> **TASK PROMPT**: Leave out the images and repeat the listing below without a single change.

> **DATASET SECTION**:
___
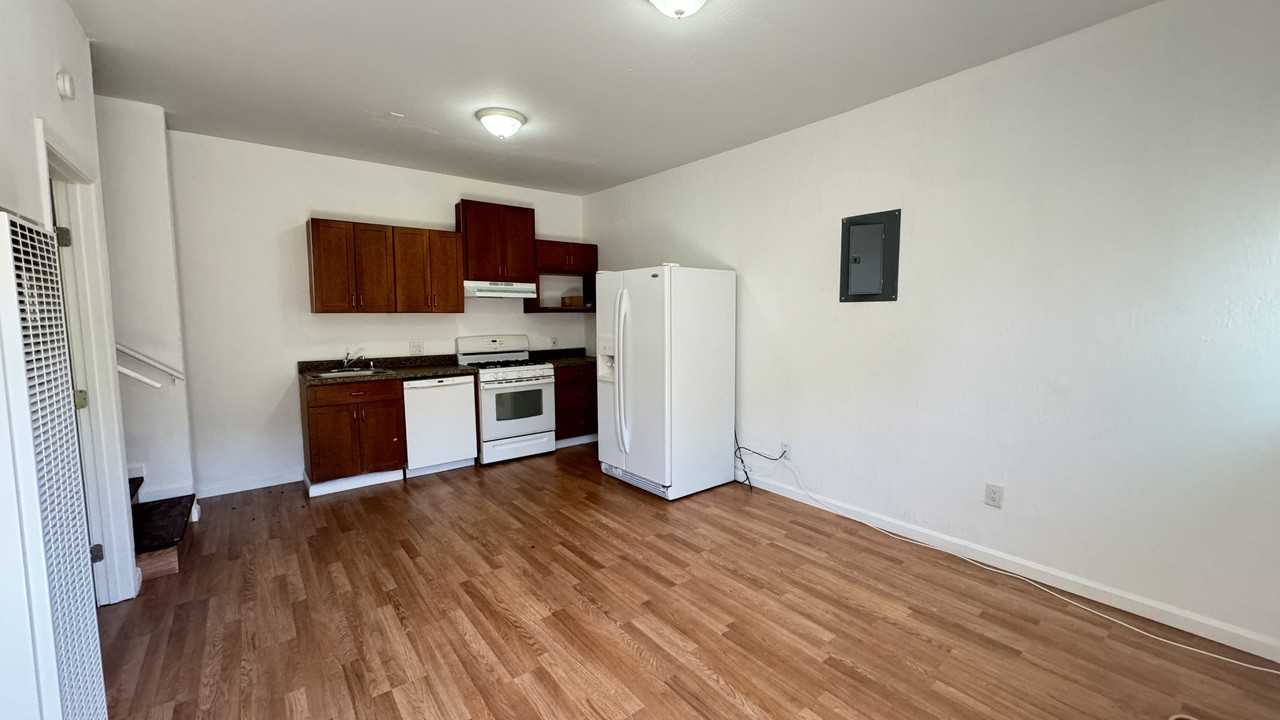 2725 Del Oro Cir - Photo 2 of 8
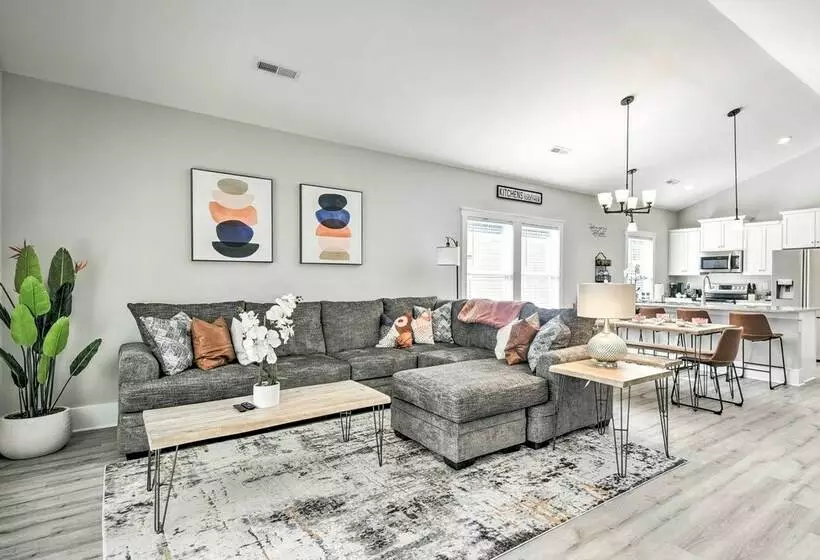 Little River Escape W/ Patio < 6 Mi To Beach!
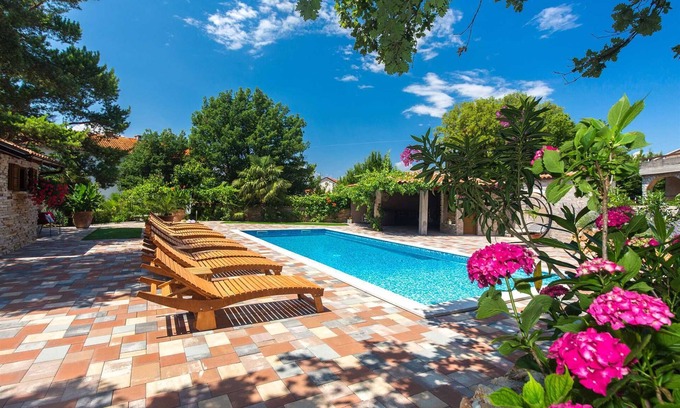 Milcetici Apartment | Apartment Antonia 4 with pool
___
> **TASK SOLUTION**:
 2725 Del Oro Cir - Photo 2 of 8
 Little River Escape W/ Patio < 6 Mi To Beach!
 Milcetici Apartment | Apartment Antonia 4 with pool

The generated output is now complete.